* _Instructions for the task_
Retype the listing exactly, minus its pictures.

* _Data_
"""

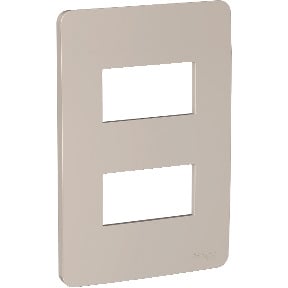 PLACA 2MOD SEP 4X2 BG ORION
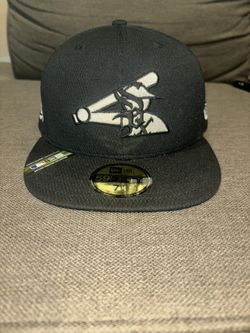 Men's New Era Black Chicago White Sox 2021 Batting Practice 59FIFTY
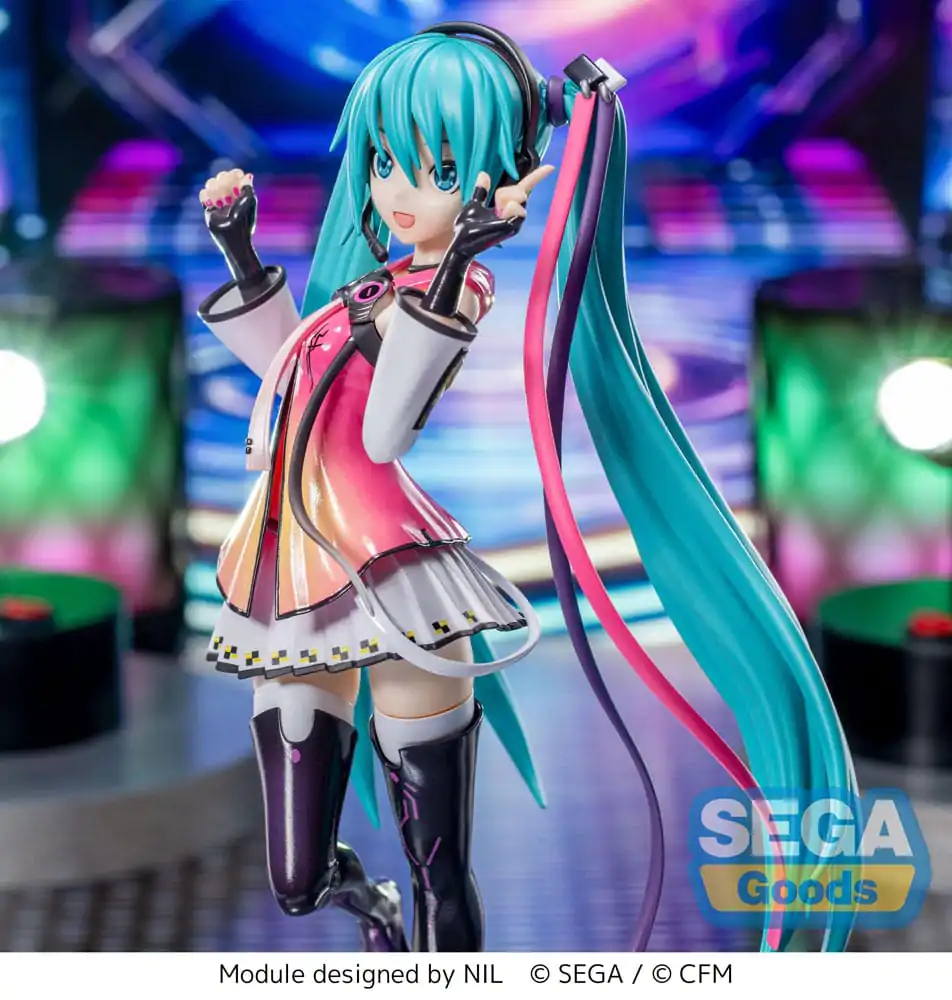 Hatsune Miku Series Luminasta PVC figurka Project DIVA MEGA39's Hatsune Miku - Star Voice 18 cm termékfotó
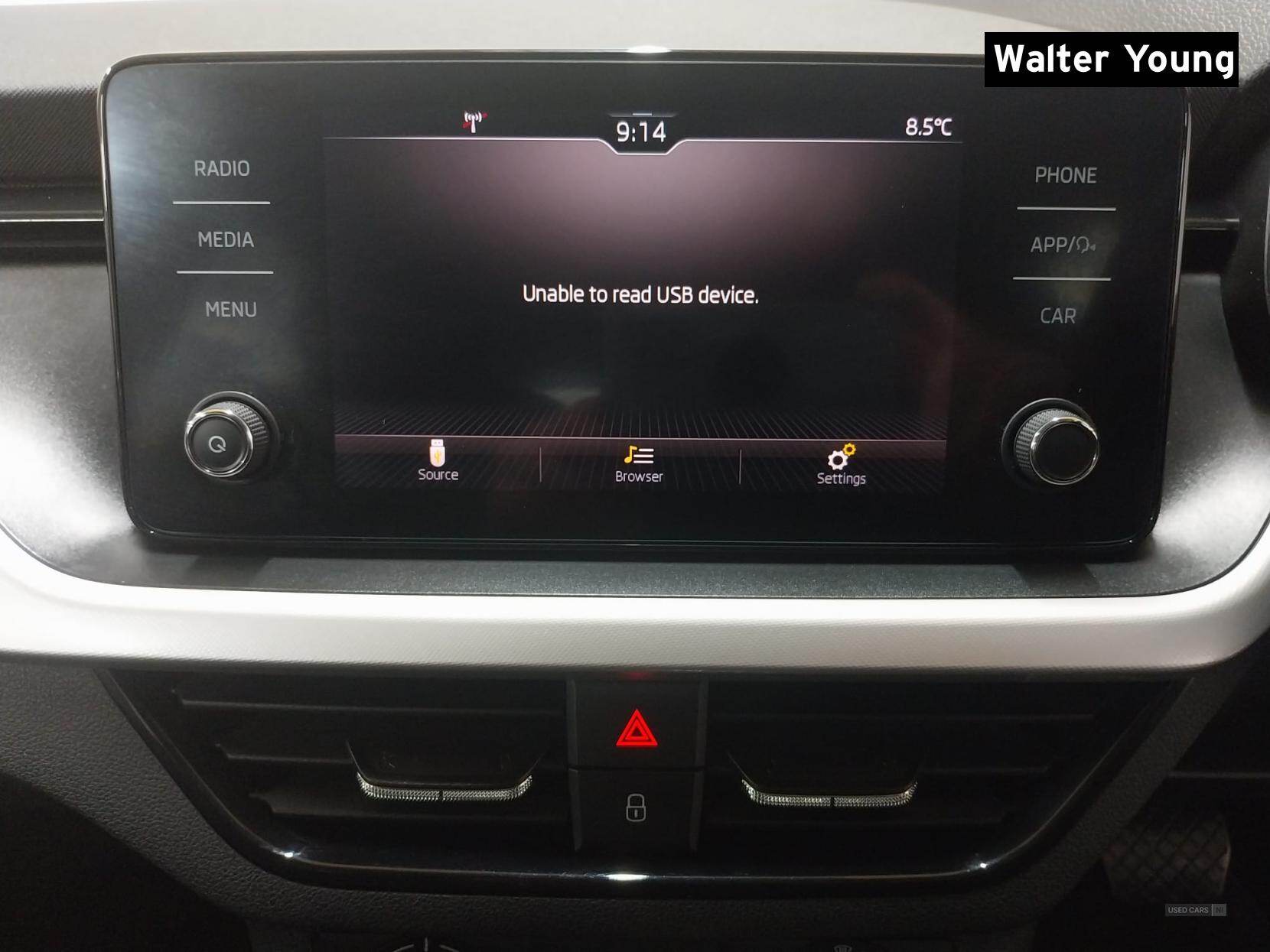 Jan 2020 Skoda Scala 1.6 TDI SE 5dr DSG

"""

* _Solution for this exercise_
 PLACA 2MOD SEP 4X2 BG ORION
 Men's New Era Black Chicago White Sox 2021 Batting Practice 59FIFTY
 Hatsune Miku Series Luminasta PVC figurka Project DIVA MEGA39's Hatsune Miku - Star Voice 18 cm termékfotó
 Jan 2020 Skoda Scala 1.6 TDI SE 5dr DSG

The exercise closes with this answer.